Concrete Paperclip uses:
- board-approved toolkits for sensitive operations
- company-scoped service tools
- plugin-defined tools with explicit schemas
- safer execution for common actions like git metadata inspection, preview lookups, deployment status checks, or document generation
This aligns well with Paperclip's governance story.
### 5. Better adapter normalization around sessions and capabilities
Paperclip's adapter contract already supports execution results, session params, environment tests, skill syncing, quota windows, and optional `detectModel()`. But much of the per-agent behavior is still adapter-specific.

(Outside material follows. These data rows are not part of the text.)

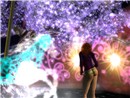 Maarz-Go-Round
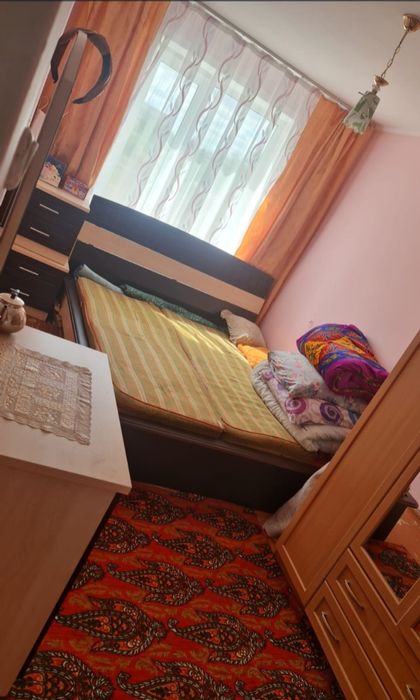 Продам квартиру отличную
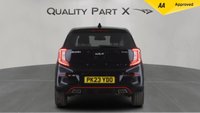 USED 2023 23 KIA PICANTO 1.0 DPi GT-Line AMT Euro 6 (s/s) 5dr SPRING SALE NOW ON, SAVE 100s!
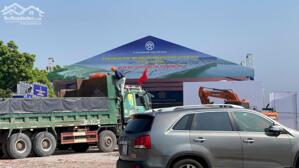 RẤT HIẾM, NHÀ LÔ GÓC MẶT PHỐ HỒNG TIẾN 40M, 4T, MT4M, KINH DOANH SẦM UẤT, DÒNG TIỀN ĐỀU.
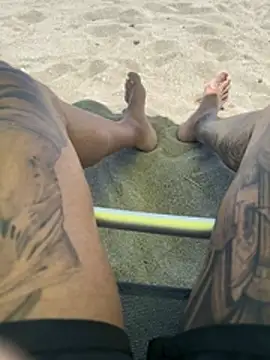 Gioeltoro89 online show from June 12, 11:20 am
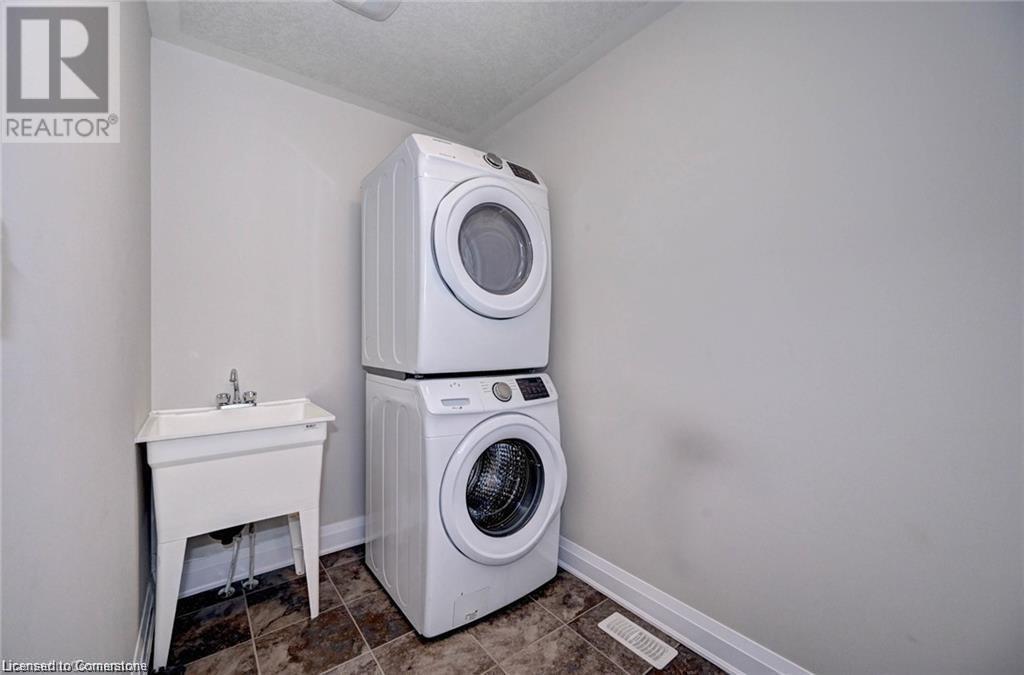 592 Blair Creek Drive Unit# A, Kitchener, Ontario  N2P 0E6 - Photo 26 - 40741779
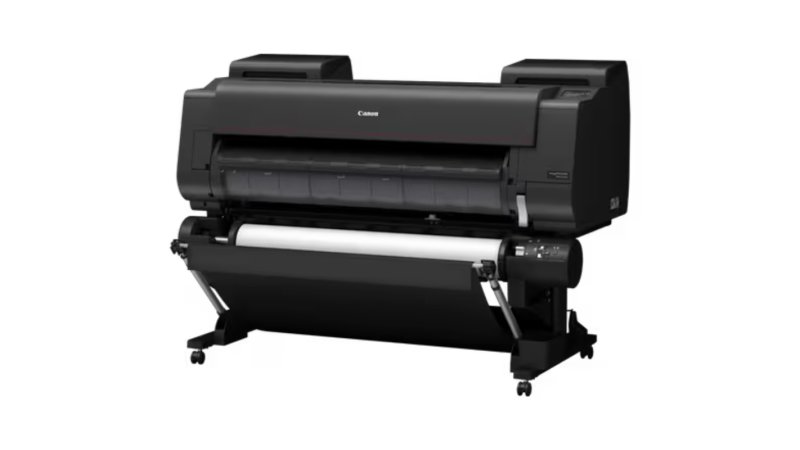 CANON imagePROGRAF PRO-4600 (6407C003)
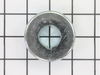 PULLEY ENGINE YZ – Part Number: 7021764YP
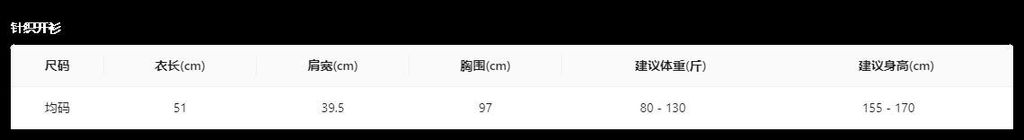 n1o2lb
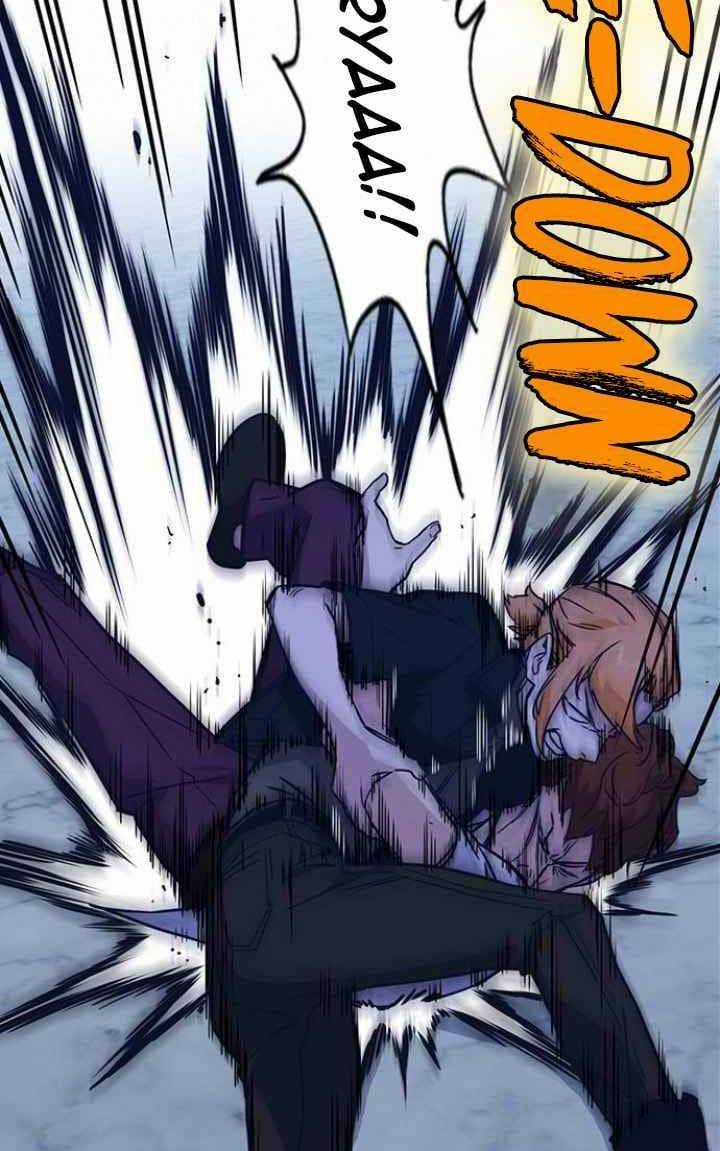 Học Nhóm - Study Group - Chapter 107 - Trang 36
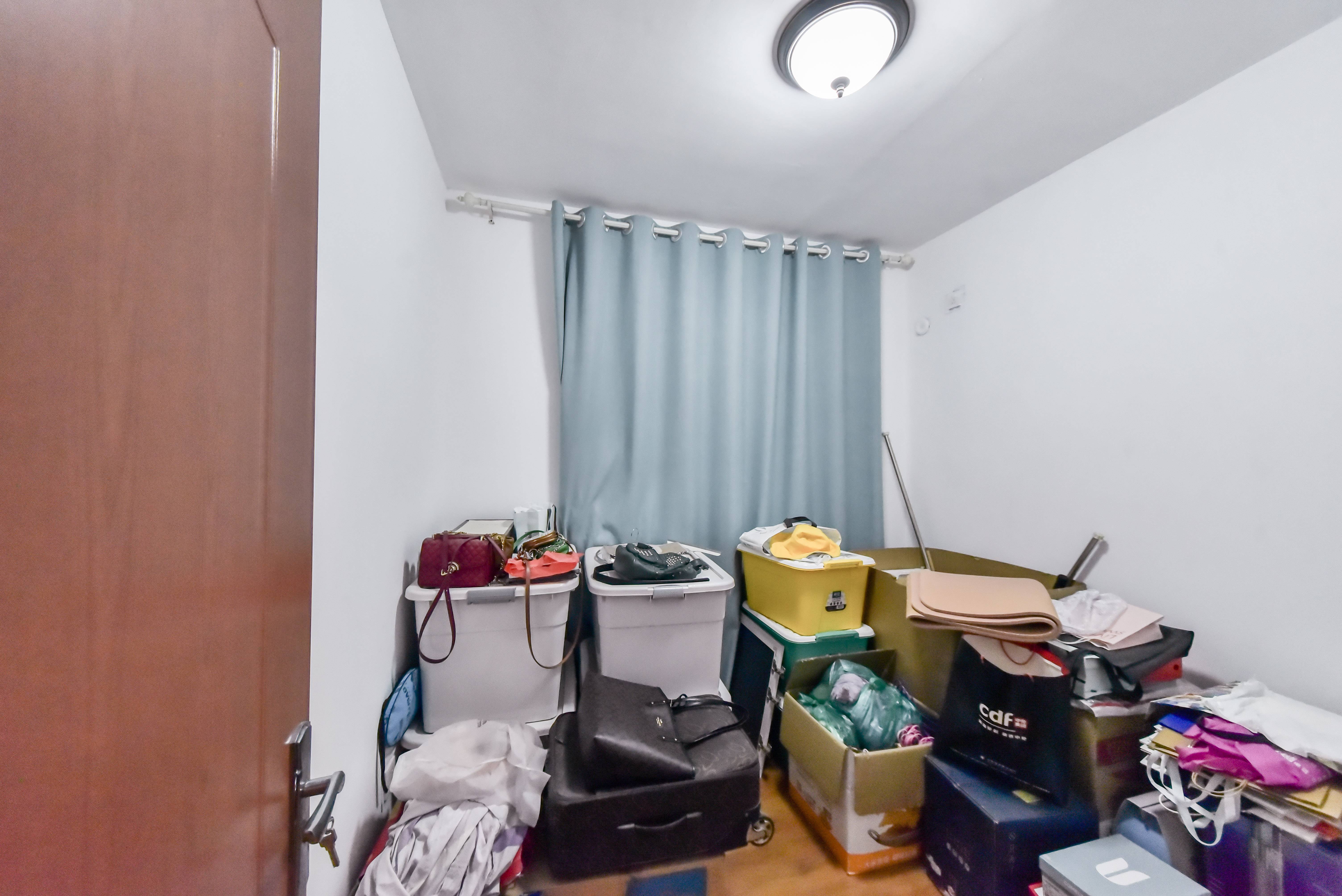 融创文旅城兰亭居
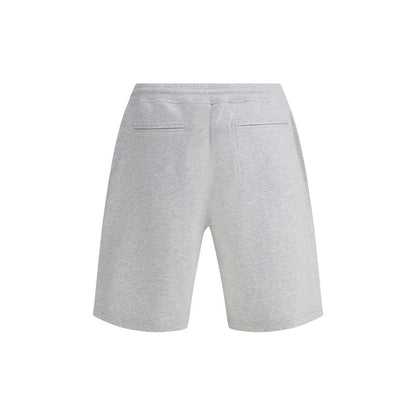 Short de survêtement Brunello Cucinelli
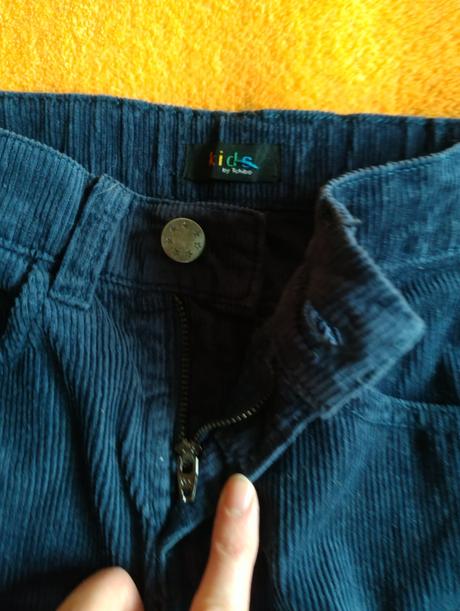 Tchibo menčestraky, tcm,122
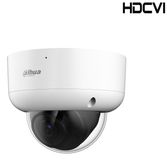 Dahua DH-HAC-HDBW2241RAP-Z-A-27135-S2-DIP 30 ips/1080P 130dB Caméra de sécurité intérieure/extérieure Blanc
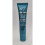 Boots No7 NO7 - Protect & Perfect Intense ADVANCED Serum 15ml 1
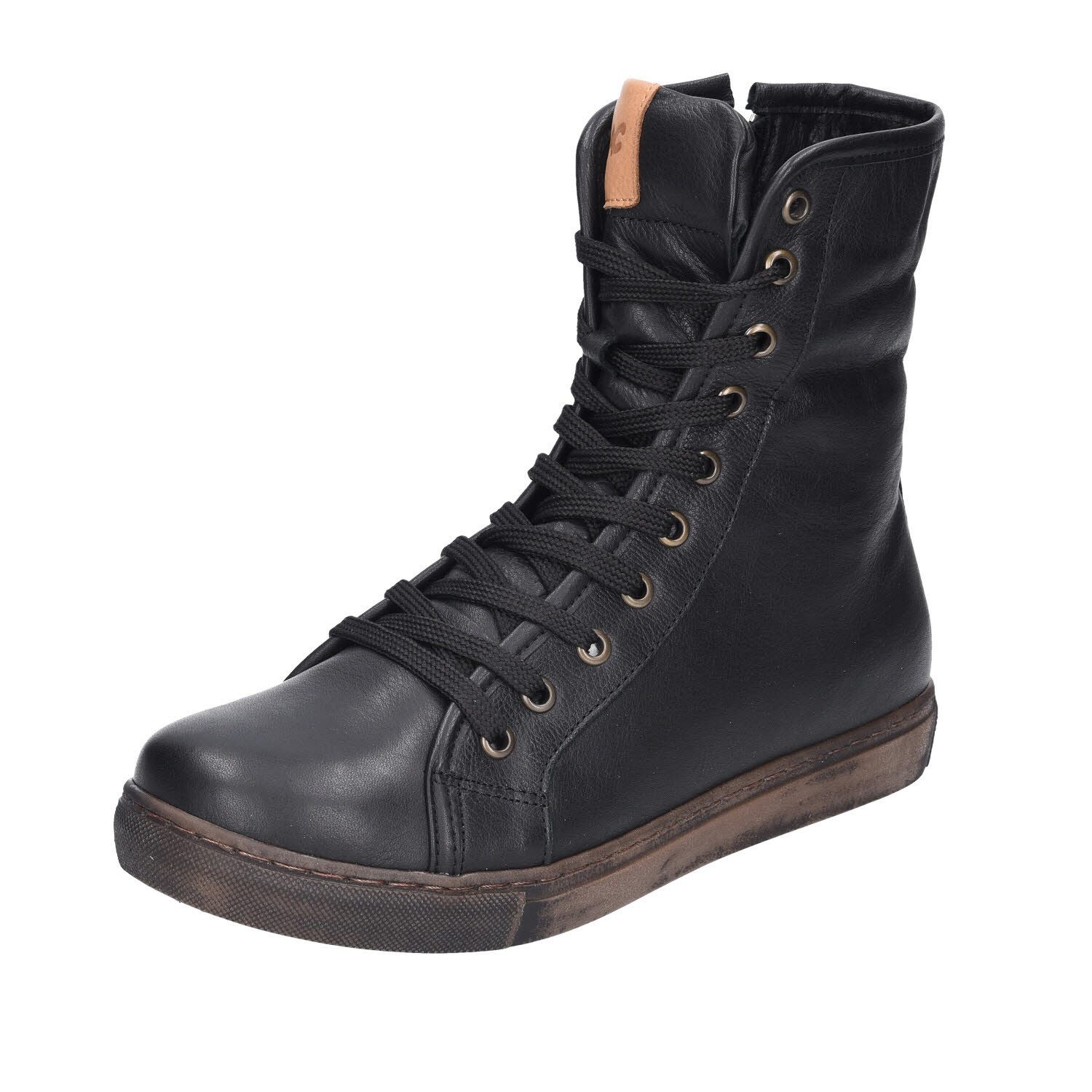 Esgano Stiefelette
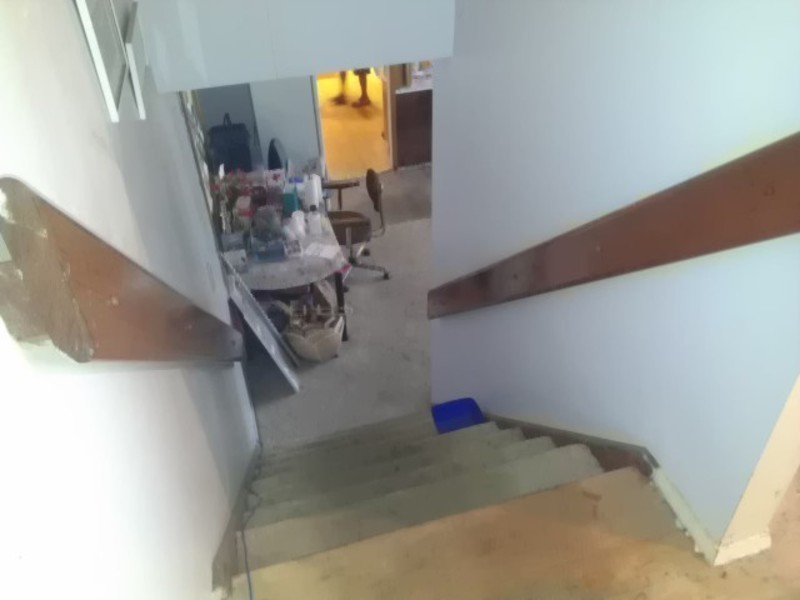 23 Kenny Avenue, St Marys NSW 2760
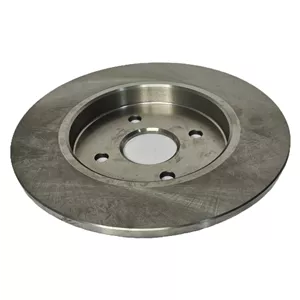 دیسک ترمز چرخ عقب شاهین عظام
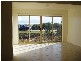 44 The Esplanade, Parham SA 5501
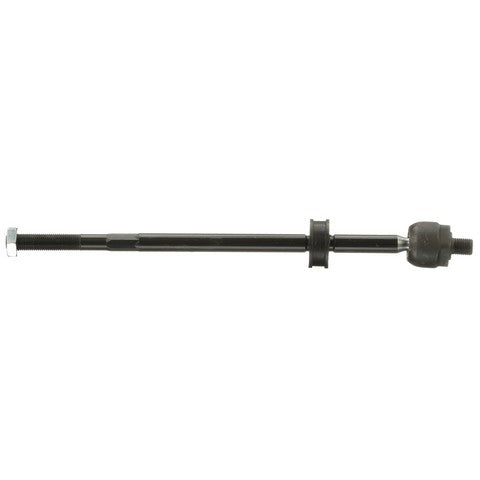 Steering Tie Rod End Delphi TA1394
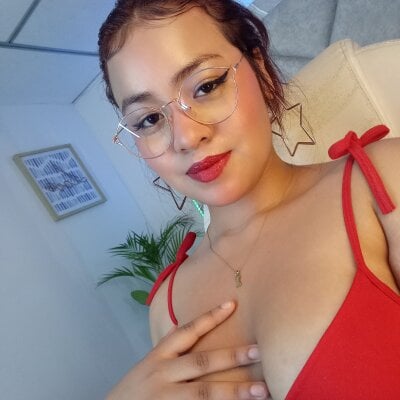 Estrellaa05__ ⛑ free sex chat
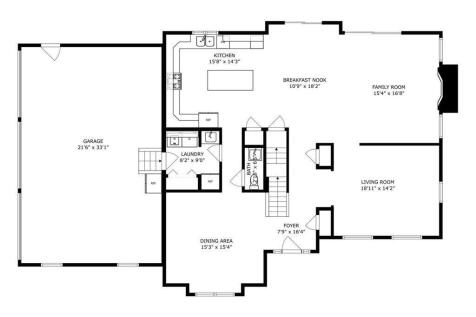 Property Image 34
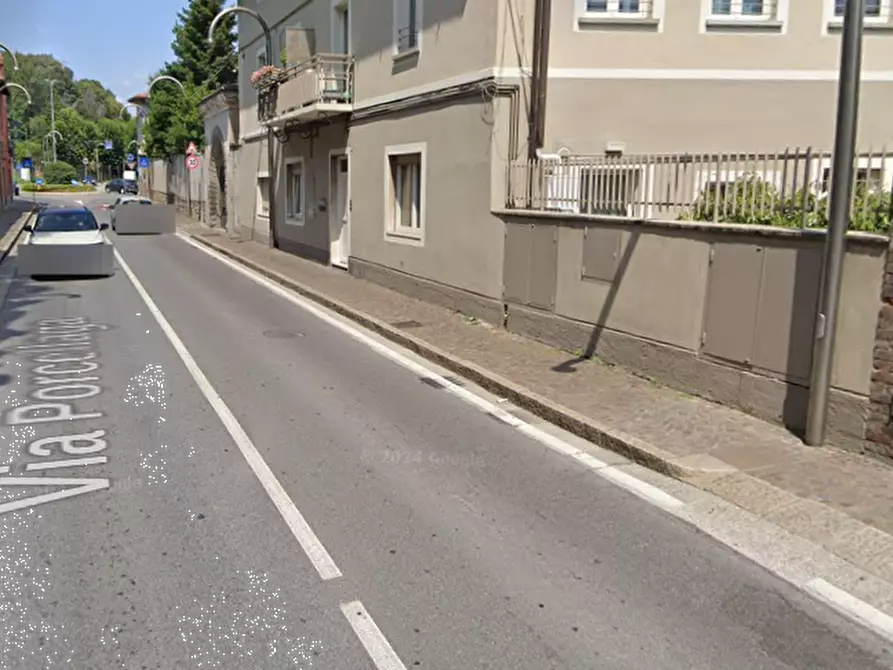 Immagine 12 di Ufficio in vendita  in Via della Costituzione a Rovato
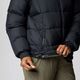 Μπουφάν Columbia Pike Lake Full Zip 2089311010 Μαύρο M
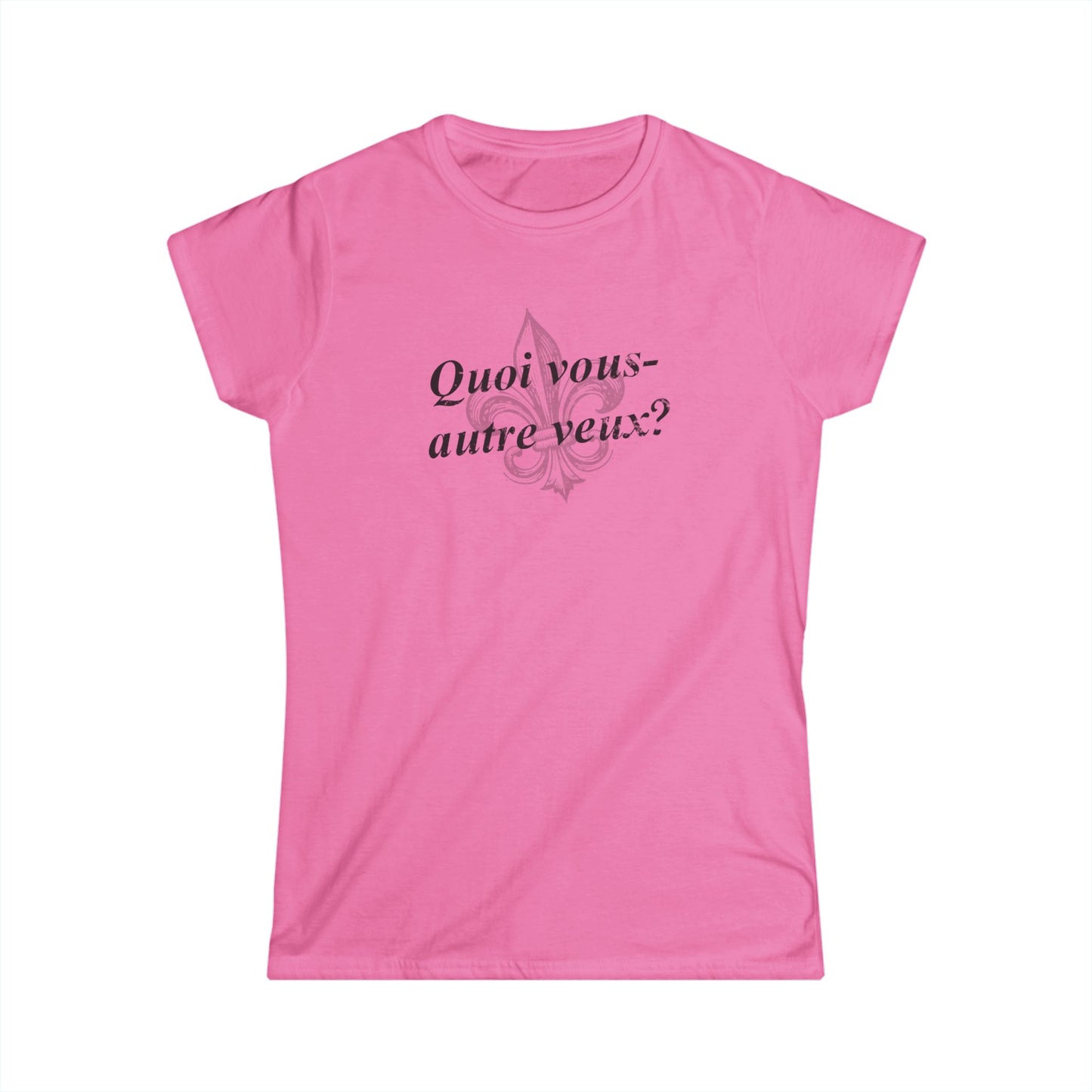 south-of-interstate-10-cajun-store-womens-quoi-vous-autre-veux-what-do-yall-want-cajun-french-t-shirt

`agent-os` suggests a cleaner normalization target:
- a standard capability map
- a consistent event stream model
- explicit mode/config surfaces
- explicit permission request semantics
Paperclip does not need ACP everywhere, but it would benefit from a more formal internal session capability model inspired by this.
### 6. On-demand heavy sandbox escalation
One of the best architectural choices in `agent-os` is that it does not pretend every workload fits the lightweight runtime. It has a sandbox extension for workloads that need a fuller environment.
Paperclip can adopt that philosophy directly:
- lightweight execution by default
- escalate to full worktree / container / remote sandbox only when needed
- keep the escalation explicit in the issue/run model
That is better than forcing all tasks into the heaviest environment up front.
## What does not fit Paperclip well
### 1. Its built-in orchestration primitives overlap the wrong layer
`agent-os` includes cron/session/workflow style primitives inside the runtime package. Paperclip already has higher-level orchestration concepts:
- issues/comments
- heartbeat runs
- approvals
- company/org structure
- execution workspaces
- budget enforcement
If Paperclip copied `agent-os` cron/workflow/queue ideas directly into core, we would likely duplicate orchestration across two layers. That would blur ownership and make debugging harder.
Paperclip should keep orchestration authoritative at the control-plane layer.
### 2. It is not company-scoped or governance-native
`agent-os` is runtime-first, not company-first. It has no native concepts for:
- company boundaries
- board/operator actor types
- audit logs for business actions
- issue hierarchy
- approval routing
- budget hard-stop behavior
Those are Paperclip's differentiators. They should not be displaced by runtime abstractions.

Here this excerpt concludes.